Still, it is suggestive that the Markan account of John's execution implies that his head (delivered by Salome to Herodias according to 6:28) was disposed of separately from the rest of his body (buried by the disciples according to 6:29), thus emphasizing the mutilated state of the latter. Antipas's words at the beginning of the account, moreover, link decapitation with the possibility of resurrection (6:16). Shedd's analysis thus makes slightly more credible Ross Kraemer's suggestion that Antipas's words in 6:16 should be read as a skeptical question (I paraphrase): “John the Baptist has been raised from the dead? (He can't be: I decapitated him!)” Less convincing is Shedd's own proposal that Mark portrays Antipas toying with the idea that Jesus has resurrected John—a suggestion for which there is not a whiff of evidence in the text. Even if one does not always agree with Shedd's conclusions, however, these chapters refresh with new perspectives.

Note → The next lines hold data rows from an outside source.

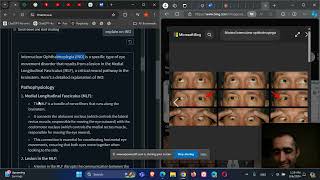 Neurology and Ophthalmology InterNuclear Ophthalmoplegia INO MLF lesion [upl. by Flavian149]
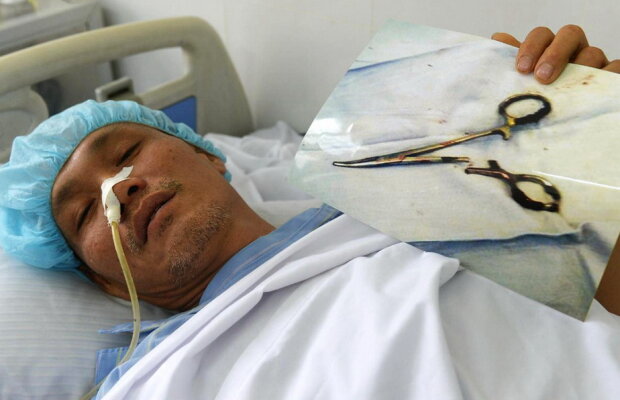 Incredibil! A trăit 18 ani cu o foarfecă în stomac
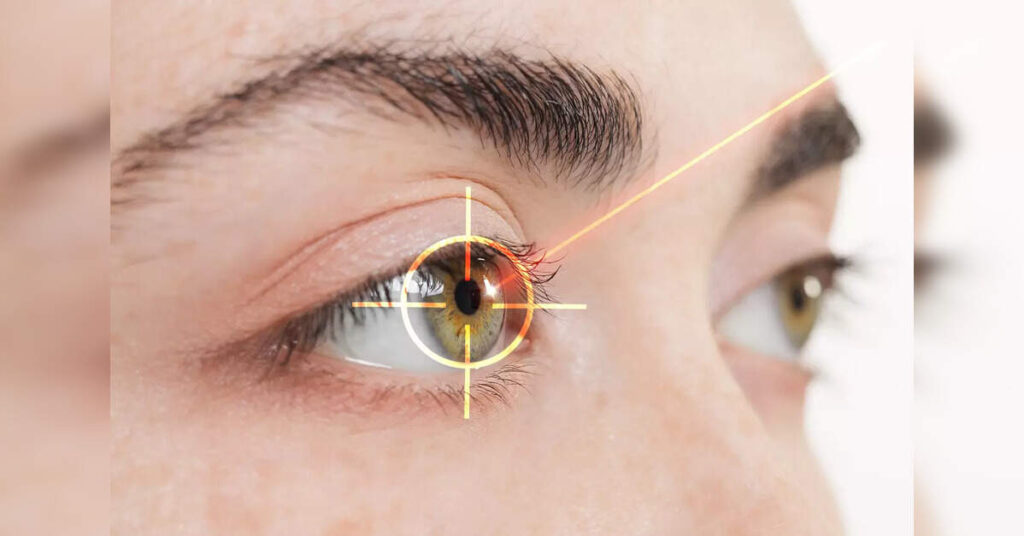Laser surgery safe for nearsighted teens, study shows, ETHealthworld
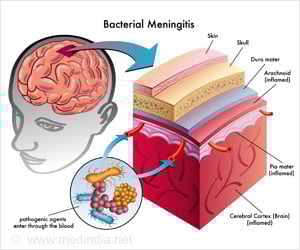 Bacterial Meningitis - Causes, Symptoms, Diagnosis, Treatment & Prevention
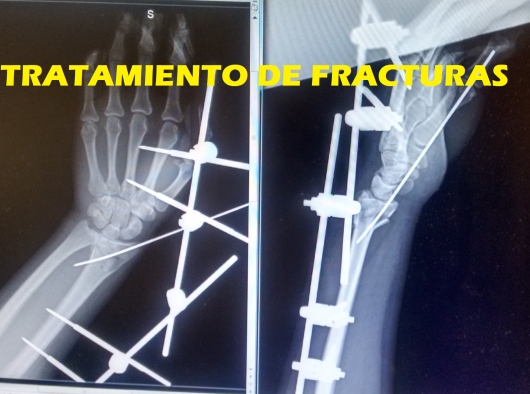 Gerardo Segundo Primero-14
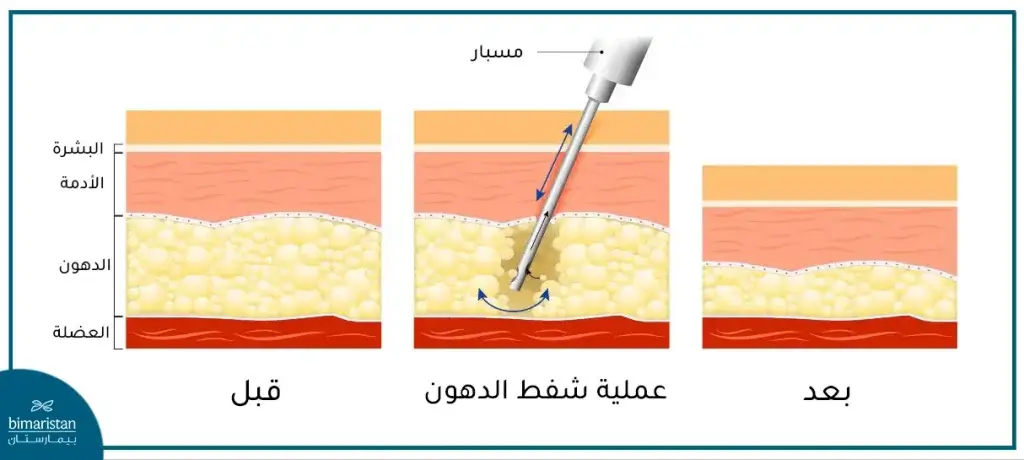 عملية شفط الدهون التقليدية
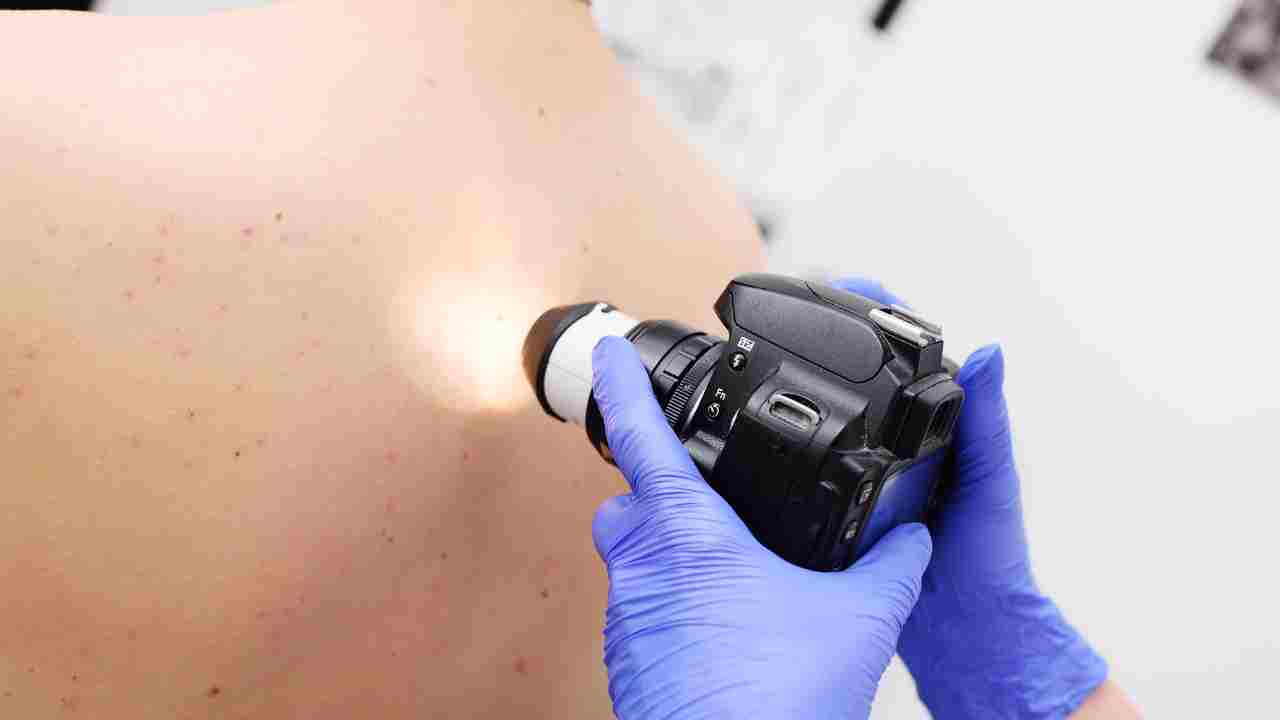 Sun Exposure and Melanoma The Link is Clear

Less successful, in my opinion, are the framing chapters on the social memory approach and the parting of the ways. Frankly, I have difficulty seeing the exegetical payoff of the 32 pages devoted to “social memory” in chapter 1. Very little of this theorizing is actually invoked when we get to the texts about the Baptist, and when it is, it is not clear that it clarifies things. I am especially leery of the vague term “invisible violence” developed on pp. 38–42, which does not receive anything approaching a definition until the end of the section, when we are told that “the memory of John's beheading. . .is invisibly violent because it can legitimize, lend approval to, and crystallize into practices of harm and injury against Jews in perpetuity”—the word “can” epitomizing the slipperiness of the claim.

The concrete evidence Shedd presents for a connection between Christian interpretations of the Baptist story and violence against Jews is meager. (A stronger claim could be made about “his blood be on us and on our children” in Matt 27:25 or “you are of your father the devil” in John 8:44). He points, for example, to Dial. 49.3–5, where Justin refers to John as the prophet whom “your (plural) king Herod had shut up in prison,” thus “refract[ing] the degrading gaze of John's death to implicate Herod and the Jews” (145). Earlier in the same passage, however, Justin has referred to John as “a prophet among your (plural) people,” who told the Jewish crowds that he had come baptizing “you” (plural) in water, in preparation for the Stronger One who “will baptize you (plural) in the Holy Spirit and fire.” Downplaying this positive association between John and the Jewish populace, Shedd instead suggests that Justin is trying to connect them with Herod's crime—a link the passage itself does not forge. Indeed, Shedd's idée fixe about this seems to have caused him to mistranslate the ending of the passage, which he quotes correctly in Greek on p. 142 (Ἠλίας ἤδη ἦλθε, καὶ οὐκ ἐπέγνωσαν αὐτόν) but renders incorrectly on p. 143 in a way that advances his thesis (“Elijah already came and you did not recognize him”). It is true that elsewhere Justin links the Jewish people as a whole with the death of Christ, though not in a way that shuts down dialogue or incites to violence (see, for example, Dial. 16.4–17.3; 133.6). But I do not see a specific connection between the Baptist's death and denigration of Jews in the Dialogue.

In sum, this is a provocative book that opens up new interpretative possibilities, but portions of it seem driven more by theory than exegesis.